You’re probably wondering what they are and how they work. SSL Certificates use a cryptographic key to bind together your domain, your organizations identity, and your location. In essence, the SLL creates a secure connection between your server and your customers browser.

The SSL provider is in charge of verifying the identity of the company before certifying them.

Do I need an SSL certificate?

If you are selling a product online then you need to make it a priority for your customers to feel safe. Even though the online economy is huge and customers are growing more and more accustomed to buying online, most people know someone who has been scammed through a site. There is a still a bit of hesitancy to providing your credit to a site that is not well known. Using an SSL and showing that your website is secure and safe is a key to having your customers actually check out instead of getting worried and leaving items in their online shopping basket.

There are theories that Google actually uses the presence of a secure connection in its page ranking algorithm, says SSL.com.

If I have multiple websites can I use a single certificate?

In general, no. An SSL is valid for one single domain. If you try to use a single certificate for multiple domains then your customers and website visitors are going to get a large warning message. This provides the absolute opposite effect that you want.

In fact, if you even have a mail subdomain then you will need either a separate certificate or a wildcard certificate. Basically, a wildcard certificate secures both your domain and all first-level subdomains. What is a first-level subdomain? An easy example is your mail subdomain which looks something like mail.yourcompanyname.com. This option will be more expensive than your standard cert.

Is buying a cheap SSL certificate a good idea?

One of the first things you need to know for your business is the SSL certificate cost. You need to know if you can get a SSL certificate for a reasonable price without sacrifice. Most small businesses can aim for the lower end of price. The general price differences come from the verification checks that the SSL provider enforces. By going with a cheaper option you skip the manual verification process. This results in a quicker, cheaper process.
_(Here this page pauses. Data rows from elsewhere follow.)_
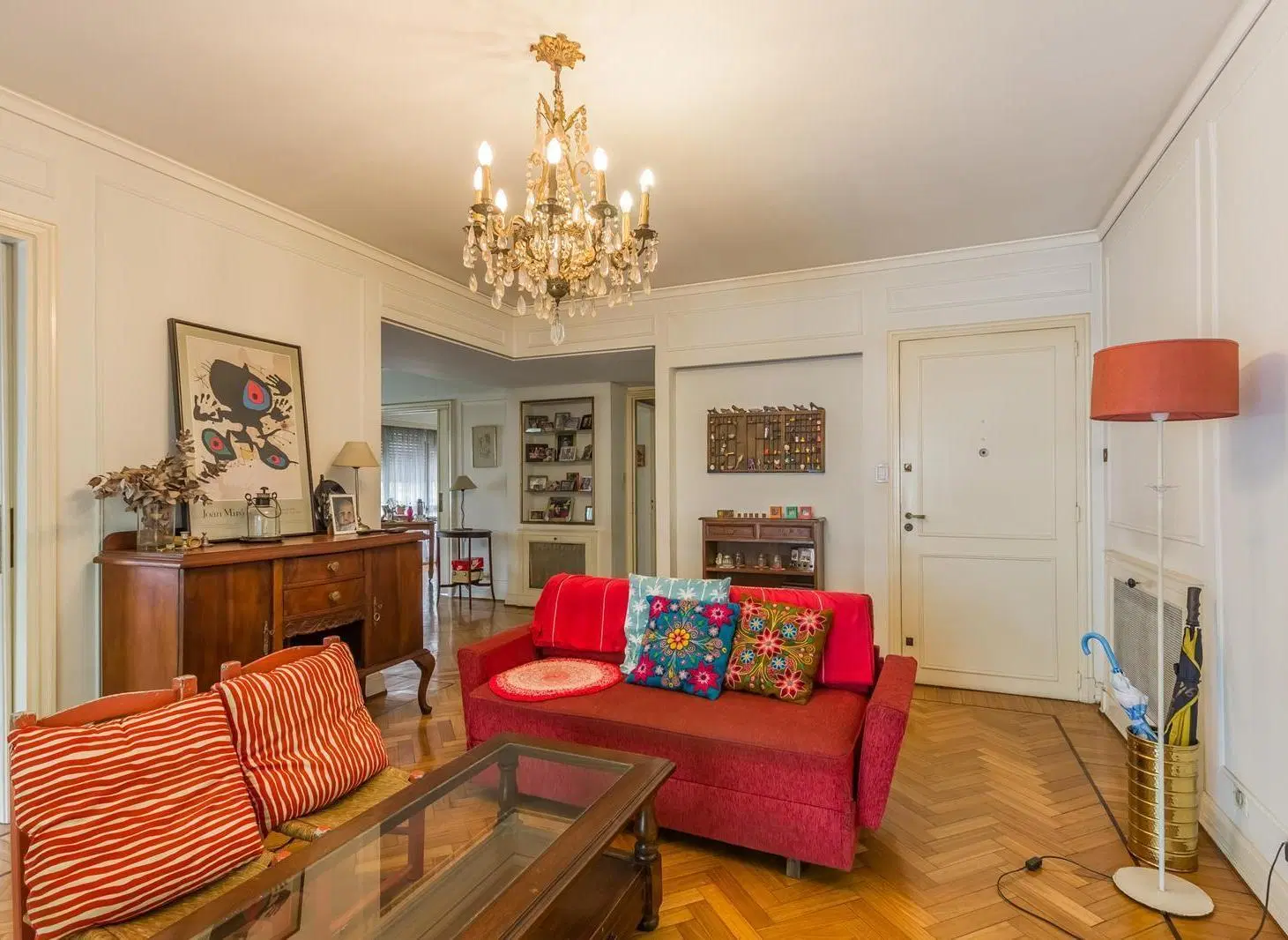 PISO EN CABALLITO CON MUCHO POTENCIAL. SUPER LUMINOSO CON PATIO, BALCONES Y COCHERA 4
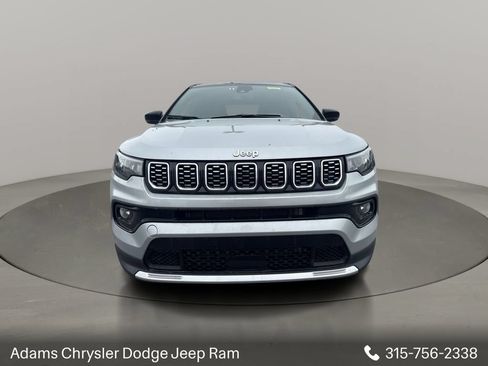 Used 2025 Jeep Compass Limited AWD/4WD image 2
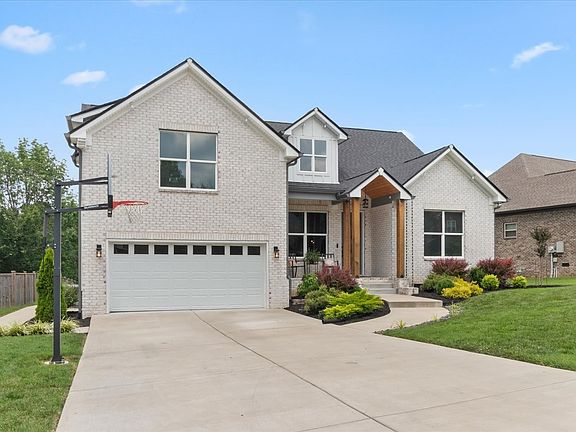 4th image of 4002 Omaha Ct
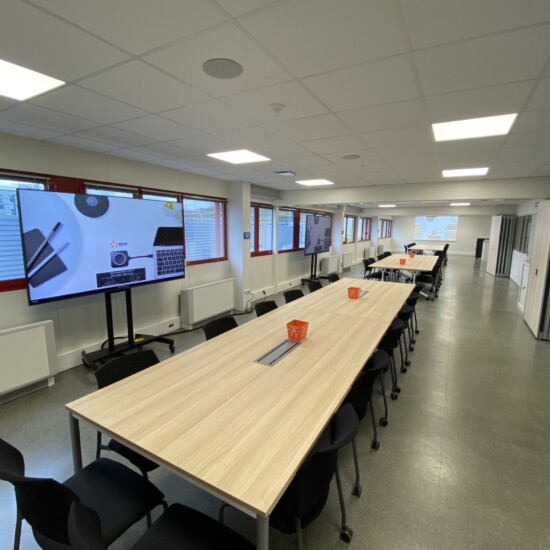 Double affichage dynamique sur écrans mobiles Salle de réunion grande capacité réalisée par TEDELEC : double affichage dynamique sur écrans mobiles, vidéoprojection centrale, sonorisation plafond et mobilier connecté. Une solution évolutive et personnalisable, pensée pour s’adapter aux besoins des entreprises, des collectivités ou des grands groupes de travail.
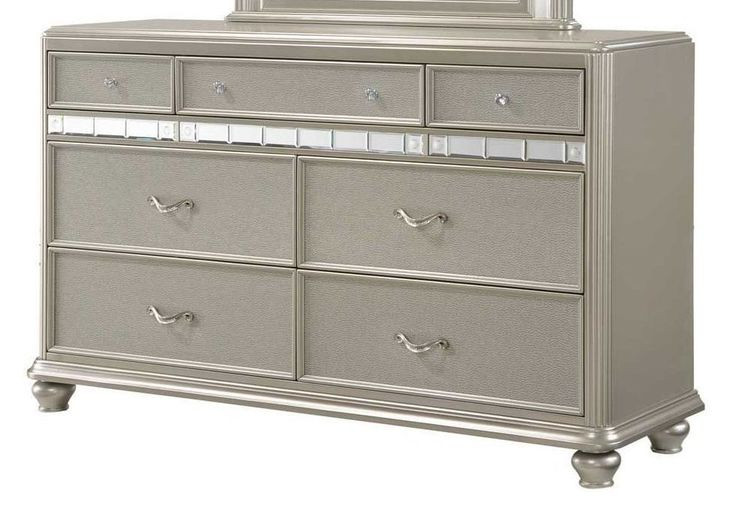 B0846J Silver Upholstered Panel Bedroom Set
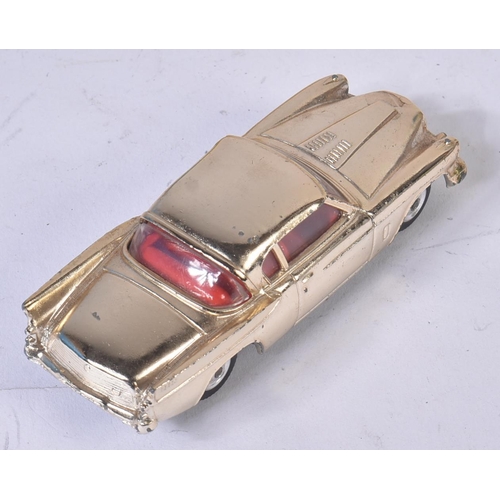 41 - An original vintage Corgi Toys boxed diecast model No. 211S Studebaker ' Golden Hawk '. The car with... 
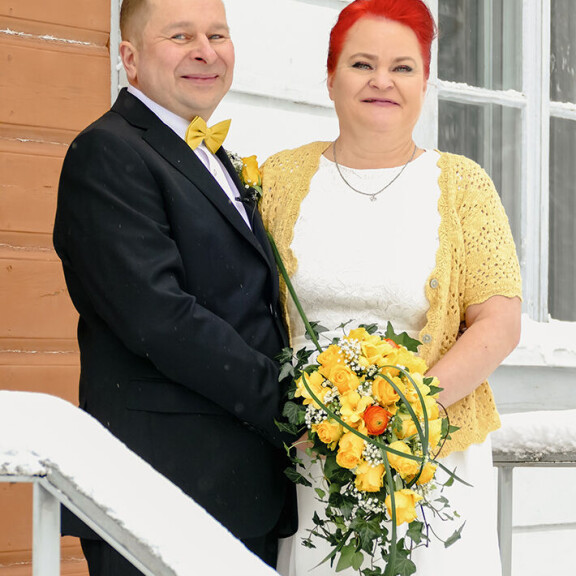 Unelmahäät-sulhanen joutui pakenemaan ex-miestä aamunkoitteessa – tarina kuin Mamban Lauantai-ilta-biisissä Marko ja Minna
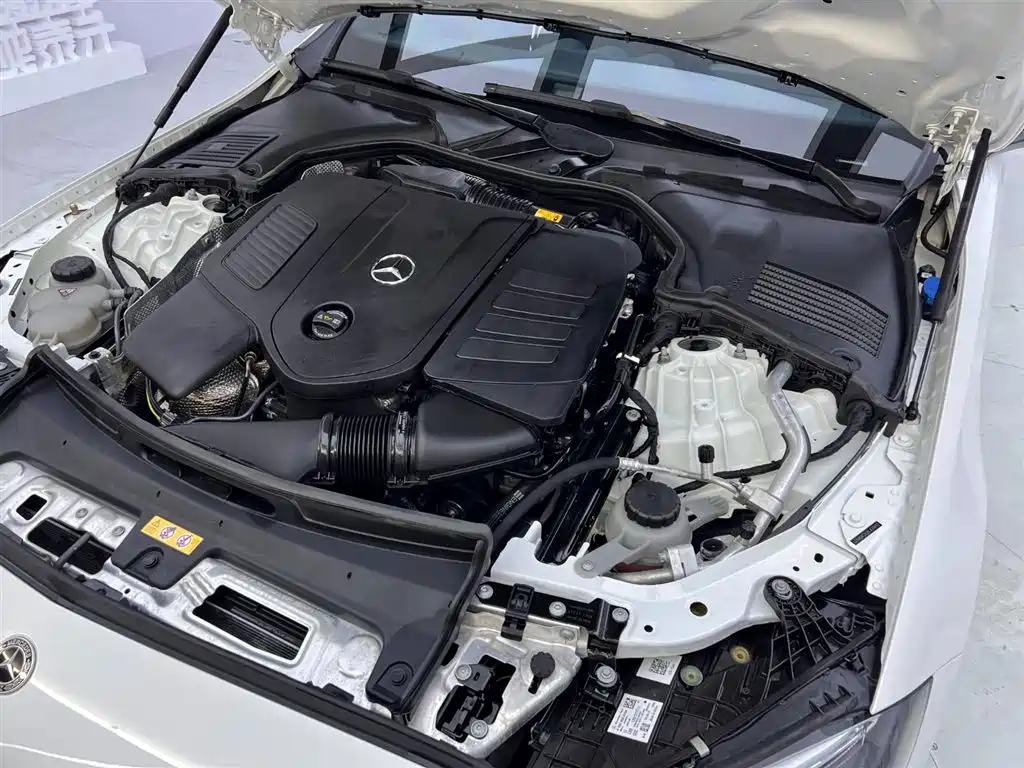 Mercedes-Benz C-Class 2024 — фото 26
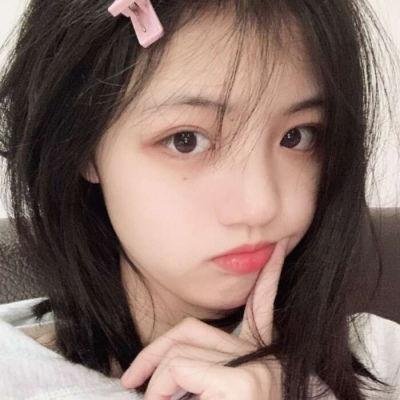 橙色女孩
Choosing the right SSL is a simpler process than choosing the correct web hosting.

The real issue is with the Certifying Authority. If you are buying an SSL from a trusted CA then the price is less of a factor. The validity of the certificate is all that matters. Your customers and website visitors can easily see the certificate chain and decide if they trust the CA or not. By using a less trustworthy CA you can appear cheap and like you do not have your customers best interests in mind.

 

What is web hosting?

In simple terms, what is web hosting?

Your customers search your company name on Google. They see your website pop up on the search page, and they click it. They are transported to your website. This is a process you have done thousands of times in your life. Where exactly does web hosting play in the picture?

To put a website up you need to first purchase a domain name. When people go to your website by typing in www,yourdomainname.com, they are taken to your site. But if you have no web hosting, they will be taken to a blank page.

Web hosting can vary widely in price depending on your company needs. There are even options for free web hosting available.

How do domain names know where to point visitors? This is done using DNS. DNS or Domain Name System refers to nameservers. It is a code that you “point” towards your web hosting company so that the web hosting company can associate your website with the web hosting service that you have purchase from them. If you are purchasing your domain from your web hosting provider then the DNS code will already be pointing to the web hosting site and you will not have to make any changes. However, if you purchase your domain name from a third party you will have to follow the simple process of pointing your domain name to your web host. This sounds more complicated than it really is. Generally it is a process that can be completed in just a few minutes.

Web hosting is what allows visitors to actually see your website.
It is where you website exists. You need to buy a site for your brick and mortar business to exist in. Web hosting is this space where you can store your files, images, and web content.

If you are asking about web hosting, you probably also want to know if good web hosting is important.

How does web hosting work?

A web hosting company has a physical server and a data center. The server provides space for your website to exist on. When you are uploading files, they need to be stored somewhere. They are stored in the physical server of your web hosting provider.

What is a server?

This is another term that is less complicated than it sounds. In essence, a server is just a computer that is used for a network. The word server refers to both the computer that is used for computational power and the computer program that allows the computer’s resources to be used for hosting your website.

Web hosting servers are where all of your files reside. This includes the HTML that forms your websites and all of your media content such as pictures and videos.

The data center offers you connectivity to the internet.

In the end, web hosting is very simple. A web hosting company is one which uses a whole bunch of computers that work as servers to store all of your website’s data.